Nick Heath (anytime I say anything it comes back and bites me):D:D:D

Nope. I see it as good risk management and never suggested that we were too good or clever either - just careful and ensure a good look out is kept..

I have been unlucky enough to catch bits of an old trawl - twice almost a year to the day between them and in the same area and watch!

Just trying to make the point that IMHO actual foulings are less likely to occur than are being suggested even when the risk is increased by working in known potting areas and during dark hours too.
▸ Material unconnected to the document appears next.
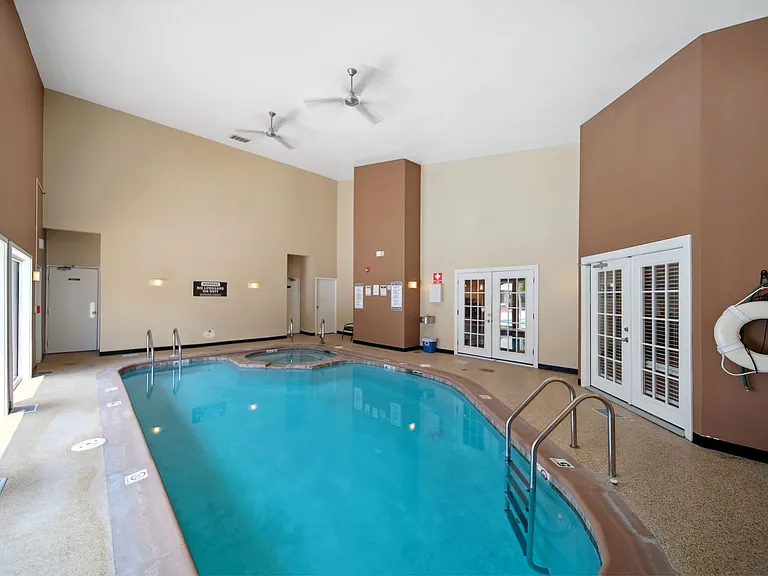 Waterford Place Apartments — Photo 8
As far as I am aware the other Skipper hasn't managed to pick one up either.

Not sure what years MBM is taking its figures from but if 2010, then 289 launches out of their 8713 launches it equates to less than 3.32%.

As an aside we don't have prop cutters as there is no room to fit them so its not even a case that we just didn't know we had caught something.

W.
 
I'm not sure the 'good lookout' high and mighty stance is one to take here... Also pointing out the 'avoid' known areas either... I often find myself around the East Anglian Coast where we have literally thousands of these thisngs, some well marked, but mostly not.

Oddly what about 'recommended Yacht Tracks which moves leisure traffic around the busy Harwich VTS area...literally strewn with little black bottles, and small floats, some of which, particularly in the Deben area, have drift nets strewn between them..

I too have never snagged one, but I wouldn't say it was so much due to a good lookout as much as good luck, as I've also been in and out of these waters for years commercially and believe me, if these nets and pots can bring a 146m vessel to a halt and force it to return to Parkeston Quay and require removal by specialist divers ..... as it did when I worked with DFDS some years ago (Now you would think that 46500 hp would be enough to break this stuff wouldn't you)... then it is evident that there is literally no care or consideration by these fishermen for anyone else except their own pockets!